Material provided >>
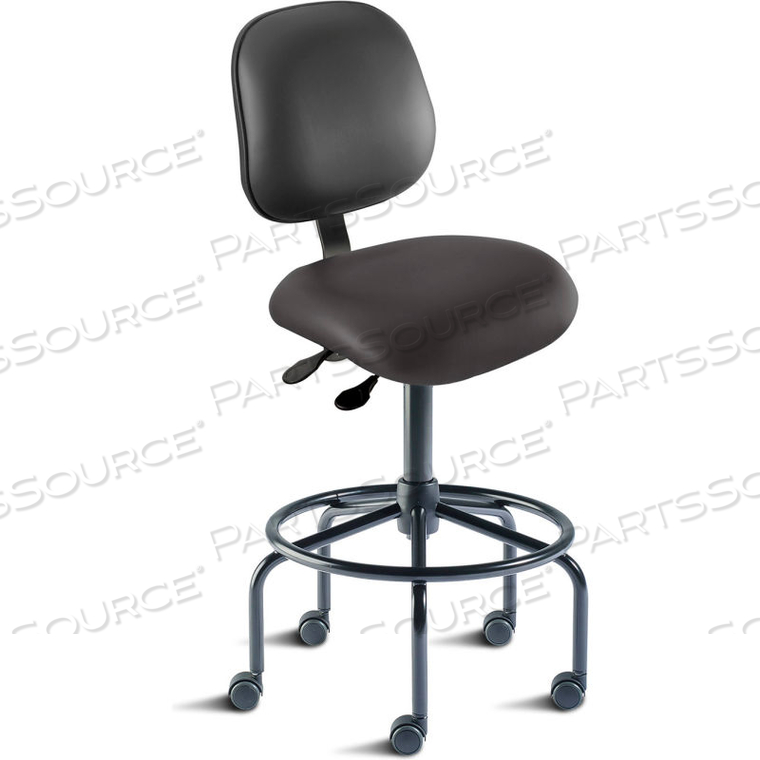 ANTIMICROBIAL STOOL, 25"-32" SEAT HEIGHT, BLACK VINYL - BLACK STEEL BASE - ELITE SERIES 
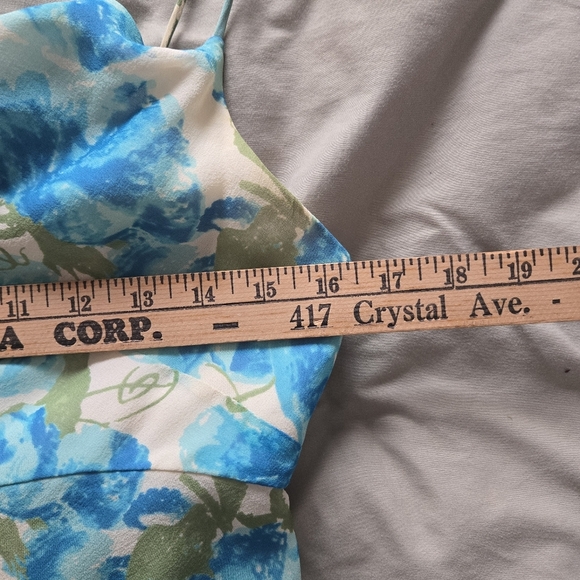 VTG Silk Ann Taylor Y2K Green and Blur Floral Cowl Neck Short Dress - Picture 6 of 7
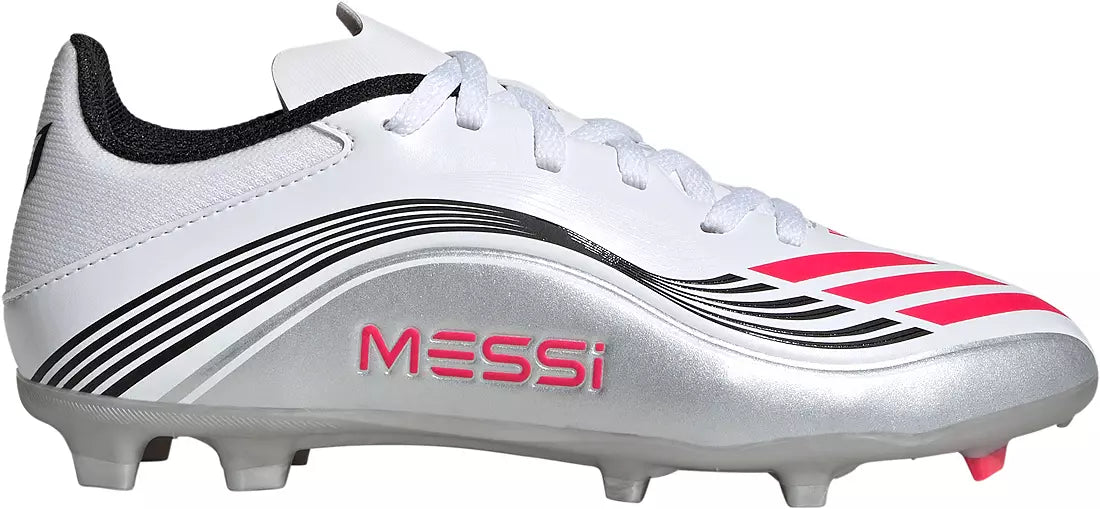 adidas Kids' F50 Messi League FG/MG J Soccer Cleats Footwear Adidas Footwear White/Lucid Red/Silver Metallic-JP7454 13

Task >>
With the pictures removed, set down every line of the listing above exactly.

The answer >>
 ANTIMICROBIAL STOOL, 25"-32" SEAT HEIGHT, BLACK VINYL - BLACK STEEL BASE - ELITE SERIES 
 VTG Silk Ann Taylor Y2K Green and Blur Floral Cowl Neck Short Dress - Picture 6 of 7
 adidas Kids' F50 Messi League FG/MG J Soccer Cleats Footwear Adidas Footwear White/Lucid Red/Silver Metallic-JP7454 13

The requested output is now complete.